As you can see we have two SQL:stmtcompleted events and although its not obvious from the above screenshot each row relates to one of the two SELECT statements above, the TSQL was submitted as one unit of code and was made up of two different SELECT statements, when each individual statement completes the SQL:StmtCompleted event fired.

We have one SQL:BatchCompleted entry in the trace. Both statements were submitted in the same unit of code with no GO statements separating them when the script was executed and hence were part of the same batch. If you look at the TextData column you will see the text of the entire batch - both statements that were executed as part of the same batch of code. So when the query completed we got one SQL:BatchCompleted entry in the trace.

In this case SQL:StmtCompleted captured the completion of each select statement individually. The SQL:BatchCompleted event captured the entire batch (both queries) as a whole.

Stored Procedure Events

There is a set of trace events that relate to and captures the execution of Stored Procedures. The profiler help text provides the following definition

“Includes event classes produced by the execution of stored procedures.”

There is an SP event called SP:stmtCompleted.

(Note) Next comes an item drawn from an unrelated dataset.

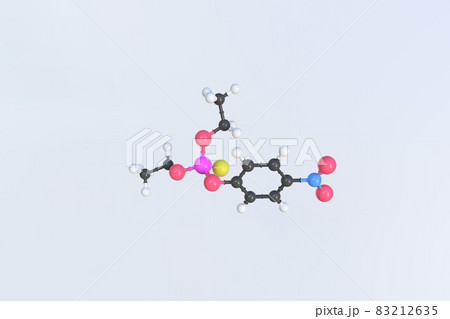Parathion molecule, isolated molecular model. 3D rendering 83212635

The help text offers the following information on this event “Indicates that a Transact-SQL statement within a stored procedure has completed.”

We start a new trace with just the SP:StmtCompleted event selected:

SPStmtCompleted

We turn the above T-SQL statements into a stored procedure called usp_TestProfiler

We then execute the stored procedure

exec usp_TestProfiler

and we get the following captured in the trace

SPStmtCompletedOutput

As you can see, we also have two sp:StmtCompleted events in the trace, again once for each statement that makes up the stored proc.

I’ll now setup a trace that has all three of the events discussed here selected

Allevents

I will then the run the two select statements as a batch, and we get the following profiler output:

AlleventsResBatch

As you can see the results are the same as our first example.

If we execute the stored procedure we get the following profiler output:

AlleventsSPOutput

As you can see with all three events selected in the trace, the execution of the Stored Procedure results in four events in the profiler trace. We have two SP:StmtCompleted events for the two SELECT statements in the SP. The batch submitted  consists of one TSQL statement executed in management studio So we get one SQL:Stmtcompleted event and one batch completed event, the batch was made up of one statement. That called a Stored procedure, made up of two TSQL statements.